• WHAT THE TASK REQUIRES
When you output the entries, begin with the first line and end with the line containing "Unique Antique Silver", keeping each line exactly as it is.

[Saved data entries]

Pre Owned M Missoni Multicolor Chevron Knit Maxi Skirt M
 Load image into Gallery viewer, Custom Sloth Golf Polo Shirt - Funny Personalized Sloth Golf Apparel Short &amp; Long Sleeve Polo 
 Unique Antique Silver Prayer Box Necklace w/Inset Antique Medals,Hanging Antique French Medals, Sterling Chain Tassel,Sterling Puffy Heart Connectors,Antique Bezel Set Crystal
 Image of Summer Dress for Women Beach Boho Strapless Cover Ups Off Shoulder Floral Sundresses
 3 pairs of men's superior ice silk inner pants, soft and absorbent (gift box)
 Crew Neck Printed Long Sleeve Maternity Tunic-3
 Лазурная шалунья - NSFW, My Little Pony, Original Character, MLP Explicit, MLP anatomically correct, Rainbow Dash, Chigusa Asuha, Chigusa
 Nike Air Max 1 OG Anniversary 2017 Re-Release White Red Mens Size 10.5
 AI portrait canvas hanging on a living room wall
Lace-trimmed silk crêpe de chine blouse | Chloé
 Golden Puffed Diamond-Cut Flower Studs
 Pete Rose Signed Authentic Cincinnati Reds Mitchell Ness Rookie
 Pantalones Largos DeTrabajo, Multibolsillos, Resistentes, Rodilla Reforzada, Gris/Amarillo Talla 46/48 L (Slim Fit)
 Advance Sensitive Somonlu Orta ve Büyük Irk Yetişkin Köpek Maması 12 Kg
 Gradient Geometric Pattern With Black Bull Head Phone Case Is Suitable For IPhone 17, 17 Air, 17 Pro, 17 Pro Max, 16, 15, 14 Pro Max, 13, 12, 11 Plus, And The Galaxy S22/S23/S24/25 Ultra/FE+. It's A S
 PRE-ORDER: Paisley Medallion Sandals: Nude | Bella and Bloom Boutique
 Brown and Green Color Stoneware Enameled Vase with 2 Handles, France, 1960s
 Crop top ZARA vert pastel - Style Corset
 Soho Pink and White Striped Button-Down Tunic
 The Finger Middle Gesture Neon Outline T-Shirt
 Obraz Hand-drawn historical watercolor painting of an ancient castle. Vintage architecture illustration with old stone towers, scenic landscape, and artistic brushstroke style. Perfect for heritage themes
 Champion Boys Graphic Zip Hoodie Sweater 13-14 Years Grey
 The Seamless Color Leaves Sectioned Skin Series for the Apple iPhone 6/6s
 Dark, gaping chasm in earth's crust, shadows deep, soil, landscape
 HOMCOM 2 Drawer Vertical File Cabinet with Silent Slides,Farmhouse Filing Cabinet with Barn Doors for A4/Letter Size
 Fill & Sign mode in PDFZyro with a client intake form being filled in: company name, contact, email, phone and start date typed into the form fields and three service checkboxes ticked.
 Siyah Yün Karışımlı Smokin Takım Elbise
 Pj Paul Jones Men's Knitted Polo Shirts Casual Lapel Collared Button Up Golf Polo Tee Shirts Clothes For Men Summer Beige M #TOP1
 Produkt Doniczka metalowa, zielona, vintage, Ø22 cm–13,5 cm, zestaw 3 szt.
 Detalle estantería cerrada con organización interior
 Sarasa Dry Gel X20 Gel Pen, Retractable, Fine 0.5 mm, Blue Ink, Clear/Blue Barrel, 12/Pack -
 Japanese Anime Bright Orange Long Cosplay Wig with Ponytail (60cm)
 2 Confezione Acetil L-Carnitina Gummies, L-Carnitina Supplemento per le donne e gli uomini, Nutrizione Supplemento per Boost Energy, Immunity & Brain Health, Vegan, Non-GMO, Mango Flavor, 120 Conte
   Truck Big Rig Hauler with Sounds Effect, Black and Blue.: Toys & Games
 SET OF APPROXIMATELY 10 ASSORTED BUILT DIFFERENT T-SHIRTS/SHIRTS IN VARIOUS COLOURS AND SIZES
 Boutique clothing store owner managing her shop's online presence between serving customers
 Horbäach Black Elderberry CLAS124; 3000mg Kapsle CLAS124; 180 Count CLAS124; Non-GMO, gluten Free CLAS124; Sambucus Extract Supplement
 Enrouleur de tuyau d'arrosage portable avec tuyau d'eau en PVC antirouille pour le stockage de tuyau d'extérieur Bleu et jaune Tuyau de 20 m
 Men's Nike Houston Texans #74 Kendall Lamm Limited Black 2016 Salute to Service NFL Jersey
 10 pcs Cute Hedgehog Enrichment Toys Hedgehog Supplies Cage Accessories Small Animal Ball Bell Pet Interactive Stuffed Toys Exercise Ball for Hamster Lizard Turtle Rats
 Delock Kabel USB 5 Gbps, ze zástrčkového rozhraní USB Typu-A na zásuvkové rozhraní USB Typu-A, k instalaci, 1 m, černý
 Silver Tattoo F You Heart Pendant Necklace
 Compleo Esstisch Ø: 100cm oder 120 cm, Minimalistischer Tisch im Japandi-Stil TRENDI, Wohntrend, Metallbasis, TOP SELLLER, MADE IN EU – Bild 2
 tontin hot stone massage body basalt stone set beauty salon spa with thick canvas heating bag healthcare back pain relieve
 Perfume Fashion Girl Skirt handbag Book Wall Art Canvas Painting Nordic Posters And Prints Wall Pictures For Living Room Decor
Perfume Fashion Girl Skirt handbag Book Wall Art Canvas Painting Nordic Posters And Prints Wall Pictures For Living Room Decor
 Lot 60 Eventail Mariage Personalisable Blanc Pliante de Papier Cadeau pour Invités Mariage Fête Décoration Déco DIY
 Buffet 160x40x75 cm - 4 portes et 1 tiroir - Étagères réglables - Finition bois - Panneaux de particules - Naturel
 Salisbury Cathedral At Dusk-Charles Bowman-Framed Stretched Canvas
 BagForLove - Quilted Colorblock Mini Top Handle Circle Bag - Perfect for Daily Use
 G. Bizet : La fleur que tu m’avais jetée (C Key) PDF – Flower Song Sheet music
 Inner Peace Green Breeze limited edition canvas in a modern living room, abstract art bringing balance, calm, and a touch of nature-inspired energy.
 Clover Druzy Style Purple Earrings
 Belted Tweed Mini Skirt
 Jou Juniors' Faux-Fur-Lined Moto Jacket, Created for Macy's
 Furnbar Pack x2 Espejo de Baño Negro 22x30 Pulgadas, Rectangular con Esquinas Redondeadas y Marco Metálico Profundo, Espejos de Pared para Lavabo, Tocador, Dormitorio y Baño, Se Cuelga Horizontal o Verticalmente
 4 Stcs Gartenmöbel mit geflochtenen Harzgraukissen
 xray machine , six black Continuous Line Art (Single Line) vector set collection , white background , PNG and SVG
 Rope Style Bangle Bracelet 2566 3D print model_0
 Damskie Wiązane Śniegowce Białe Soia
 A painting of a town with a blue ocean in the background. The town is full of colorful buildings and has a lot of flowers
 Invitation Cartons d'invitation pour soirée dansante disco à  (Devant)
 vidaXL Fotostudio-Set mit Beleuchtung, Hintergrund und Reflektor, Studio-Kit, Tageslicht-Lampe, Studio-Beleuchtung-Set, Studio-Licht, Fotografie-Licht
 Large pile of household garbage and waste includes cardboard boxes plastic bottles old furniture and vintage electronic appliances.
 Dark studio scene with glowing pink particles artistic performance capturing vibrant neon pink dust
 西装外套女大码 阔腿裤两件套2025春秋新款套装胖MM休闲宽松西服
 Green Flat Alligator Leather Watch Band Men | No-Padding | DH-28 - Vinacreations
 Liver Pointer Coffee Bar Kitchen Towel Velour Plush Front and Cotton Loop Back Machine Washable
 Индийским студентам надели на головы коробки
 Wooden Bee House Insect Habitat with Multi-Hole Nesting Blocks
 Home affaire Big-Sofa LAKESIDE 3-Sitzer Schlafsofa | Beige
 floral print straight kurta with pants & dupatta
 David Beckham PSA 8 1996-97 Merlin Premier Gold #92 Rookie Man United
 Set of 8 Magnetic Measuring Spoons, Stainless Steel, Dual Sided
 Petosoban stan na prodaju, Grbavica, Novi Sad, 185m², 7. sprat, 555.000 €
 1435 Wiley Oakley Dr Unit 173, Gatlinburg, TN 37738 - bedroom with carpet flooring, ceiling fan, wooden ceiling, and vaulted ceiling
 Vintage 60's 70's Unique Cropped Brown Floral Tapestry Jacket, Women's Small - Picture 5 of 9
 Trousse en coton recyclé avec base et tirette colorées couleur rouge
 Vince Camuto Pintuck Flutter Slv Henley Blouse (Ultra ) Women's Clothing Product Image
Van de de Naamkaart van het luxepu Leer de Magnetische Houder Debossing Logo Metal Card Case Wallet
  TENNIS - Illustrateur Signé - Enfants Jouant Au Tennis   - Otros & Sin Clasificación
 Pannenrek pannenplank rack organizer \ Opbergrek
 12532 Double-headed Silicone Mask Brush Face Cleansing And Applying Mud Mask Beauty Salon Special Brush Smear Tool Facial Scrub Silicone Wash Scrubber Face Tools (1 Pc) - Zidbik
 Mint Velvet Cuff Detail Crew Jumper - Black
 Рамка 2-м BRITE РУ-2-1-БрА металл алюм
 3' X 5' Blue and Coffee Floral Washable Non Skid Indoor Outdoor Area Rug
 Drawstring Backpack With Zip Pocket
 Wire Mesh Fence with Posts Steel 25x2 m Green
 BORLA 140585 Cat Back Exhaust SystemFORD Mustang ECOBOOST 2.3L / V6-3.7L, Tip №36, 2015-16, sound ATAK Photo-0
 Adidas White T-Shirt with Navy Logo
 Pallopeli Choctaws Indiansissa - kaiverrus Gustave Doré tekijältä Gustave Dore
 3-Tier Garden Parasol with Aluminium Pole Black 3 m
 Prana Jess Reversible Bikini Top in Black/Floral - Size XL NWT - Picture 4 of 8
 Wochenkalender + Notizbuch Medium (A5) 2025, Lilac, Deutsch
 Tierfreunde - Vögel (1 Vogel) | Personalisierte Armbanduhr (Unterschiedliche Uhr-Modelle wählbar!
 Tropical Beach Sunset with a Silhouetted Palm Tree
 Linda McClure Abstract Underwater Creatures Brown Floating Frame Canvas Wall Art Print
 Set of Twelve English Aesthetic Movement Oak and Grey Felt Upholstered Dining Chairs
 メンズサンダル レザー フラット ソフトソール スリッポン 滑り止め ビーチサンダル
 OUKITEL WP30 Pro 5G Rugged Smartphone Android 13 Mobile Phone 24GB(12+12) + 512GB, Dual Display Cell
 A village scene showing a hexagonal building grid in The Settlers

• ANSWER TO THIS PROBLEM
Pre Owned M Missoni Multicolor Chevron Knit Maxi Skirt M
 Load image into Gallery viewer, Custom Sloth Golf Polo Shirt - Funny Personalized Sloth Golf Apparel Short &amp; Long Sleeve Polo 
 Unique Antique Silver Prayer Box Necklace w/Inset Antique Medals,Hanging Antique French Medals, Sterling Chain Tassel,Sterling Puffy Heart Connectors,Antique Bezel Set Crystal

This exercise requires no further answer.